Sterben mit Angela Merkel die Deutschen aus?
Schröder-Köpf steht mit ihrem Diktum in einer denkwürdigen Tradition. Seit jeher haben die Deutschen ein eher gespaltenes Verhältnis zu Kindern. Ihre künftige Nutzung, sei es als Soldaten, als Arbeitskräfte oder als Versicherung für das Rentensystem, stand gesellschaftlich stets stärker im Vordergrund, als es die bürgerliche Erfindung der Kindheit erlaubt.
Da Soldaten und Arbeitskräfte zunehmend wegrationalisiert werden, ist dieses System auch seiner letzten Rationalisierungsbasis beraubt. Damit verbunden ist der notwendige Abschied von einem Altersversorgungssystem, das bis zuletzt dem Denken bäuerlicher Kulturen entsprach, wonach die Zahl der Kinder Garant für ein ruhiges Alter war. In einer Gesellschaft, die mit Argusaugen die zerfranste Bevölkerungstanne mit schwindender Basis beobachtet und allerhand chirurgische Eingriffe zu deren Rettung erwägt, strahlt eine kinderlose Kanzlerin etwas geradezu Entspannendes aus.

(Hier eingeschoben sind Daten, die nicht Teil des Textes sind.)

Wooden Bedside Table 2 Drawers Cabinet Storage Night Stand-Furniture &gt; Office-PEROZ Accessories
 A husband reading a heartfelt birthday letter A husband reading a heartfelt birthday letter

Angela Merkel könnte einen entscheidenden Fehler vieler Eltern vermeiden: die Verpflichtung künftiger Generationen auf die eigenen Lebensziele. Als Kanzlerin könnte sie überzeugend Schluss machen mit dem Wahn, ein „Aussterben der Deutschen“ wechselweise als erhofften Segen oder als Katastrophe an die Wand zu malen. Sie könnte Schluss machen mit dem Bildungssystem des preußischen Beamtenstaates, dessen moderne Version alle Bürger zu Beamten machen möchte. Dazu muss sie aber mehr zu sagen haben als: „Die Menschen sind verschieden geboren, das ist vom Herrgott so gewollt. Wir sollten sie nicht alle ins selbe Klassenzimmer stecken und gleich machen wollen.“ (Auf Wahlkampf in Bad Oldeslohe, 17.02.05)

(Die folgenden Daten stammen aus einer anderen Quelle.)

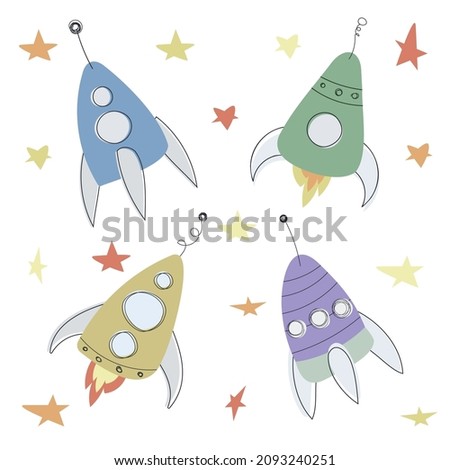 Childish cartoon colorful with hand drawn space ships, rocket and stars.  Trendy kids vector background. All elements isolated on white backdrop.
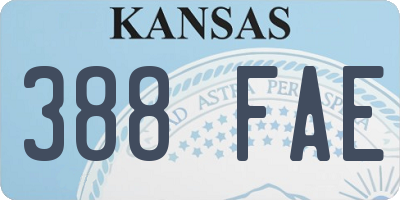 KS license plate 388FAE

Sie könnte, ganz unbeeinflusst durch eigene Erfahrungen, allein der Vernunft folgend, den Akzent auf kinderfreundliche Infrastrukturen verlagern, statt Eltern zu Staatsangestellten mit Gehaltsanspruch zu machen. Mit einer entschiedenen Abwendung von der Geburtenzahlenhysterie könnte unversehens, ganz emanzipiert, auch wieder die Lust auf Kinder steigen. Die Priesterinnen archaischer Fruchtbarkeitskulte blieben selbst ja auch kinderlos, warum es nicht einmal mit einer kinderlosen Kanzlerin versuchen?
Gemessen an dem Monarchismus, den der Brioni-Kanzler symbolisch eingeführt hat, indem er bis zuletzt Staatsangelegenheiten mit Familienangelegenheiten („Doris sagt“) vermengte und sein „Ich“ hinausposaunte, wo es um allgemeine Zukunft ging, gewinnen archaische, präindividualistische Regierungssymbole eine fast schon sympathische korrektive Dimension. Dies zeigte zuletzt der Weltjugendtag in Köln, als dem Papst zugejubelt wurde wie einem Popstar. Offensichtlich wächst wieder die Sehnsucht nach authentischen, „stillen“ Stars. Eine Rolle, die Merkel eher zuzutrauen ist als dem mit seinen Posen bereits verwachsenen Schröder.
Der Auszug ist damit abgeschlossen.